Upon him giving me that very look just described, I responded, "Um, I don’t know, I’ve never seen a movie with her."

"Oh well. Seriously, though, what do they do? I can’t figure out what their common interests would be."

"Like I said, I don’t know."

"Do they go out on dates?"

"I don’t know."

"Seriously?" he asked me, genuinely confused.

"Seriously. I don’t have any clue what it is that those two do when they’re alone together. Truth be told, it’d never occurred to me to ask."

"It would have thought she would at least indicate something."

"Not once."

"Not even her mentioning something that happened while she and Ray were out, say, shoplifting."

"Lori doesn’t seem to like to volunteer information. The only way I can get her to tell me anything about herself is to already know it."

"Seems like she would have said something, though."

"In case you hadn’t noticed, she has a tendency to keep conversation directed toward the other person. She can ask you enough questions that you never realize she hasn’t actually provided any information about herself."

"You know, I never noticed that she did that."

"It takes a while to figure out that she does it because she manages to keep the topic of conversation on everybody’s favorite topic: themselves."

Dan gave a laugh. "Ah yes, I forget just how true that is. I know I’m as guilty of that conceit as anybody else."

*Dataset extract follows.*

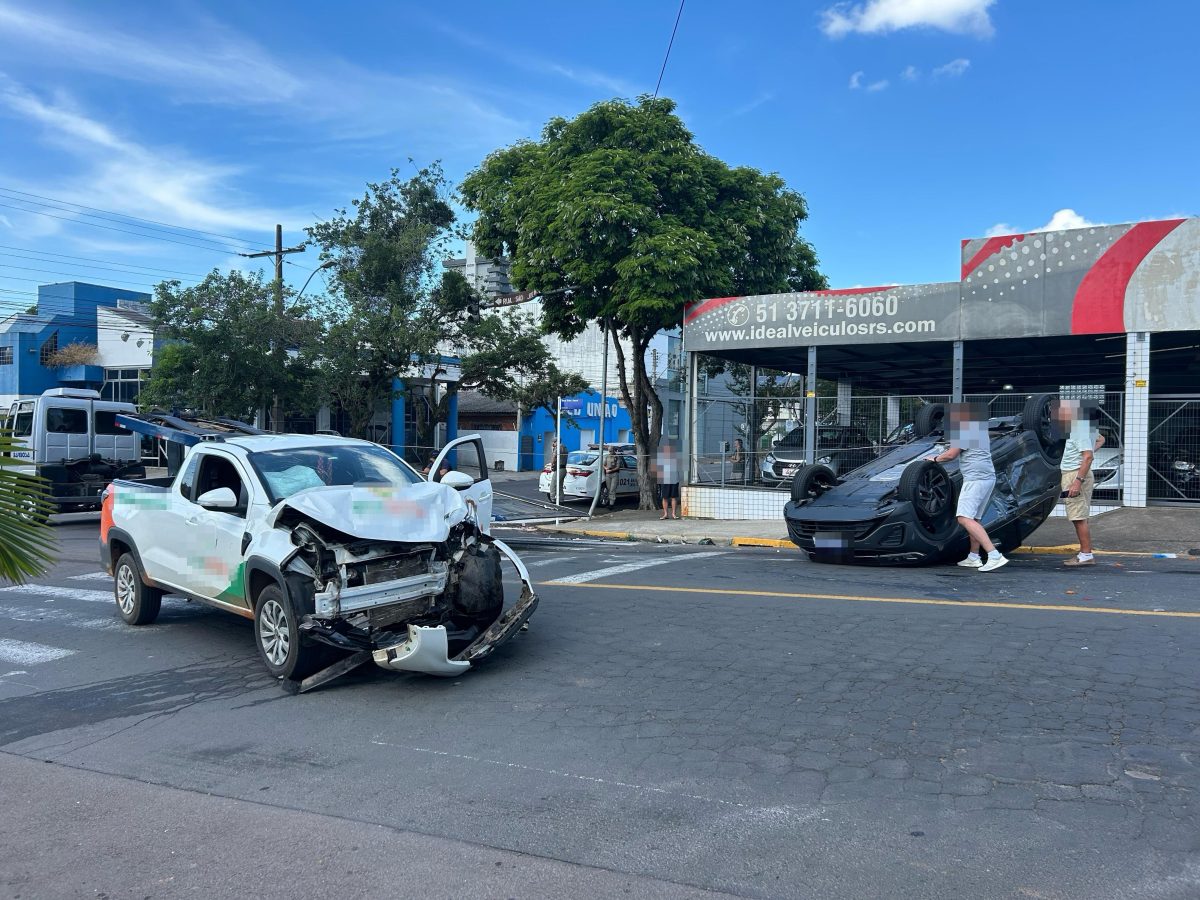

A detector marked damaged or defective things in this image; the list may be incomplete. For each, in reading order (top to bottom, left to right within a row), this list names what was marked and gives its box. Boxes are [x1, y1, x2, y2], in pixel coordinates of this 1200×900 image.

overturned dark car [784, 392, 1064, 564]
crashed front end [272, 492, 540, 684]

"Don’t worry, you’re not the only one."

"It sucks to be human, doesn’t it?" I asked rhetorically.

"Only when you realize that’s all you are."

"Very deep."

"Thanks."

"How long have you been keeping that one?"

"Actually, I just came up with it."

"Not bad for an ad-lib."

"I’ll inform all the latest philosophy publications. Anyway, what have we got planned for tonight?"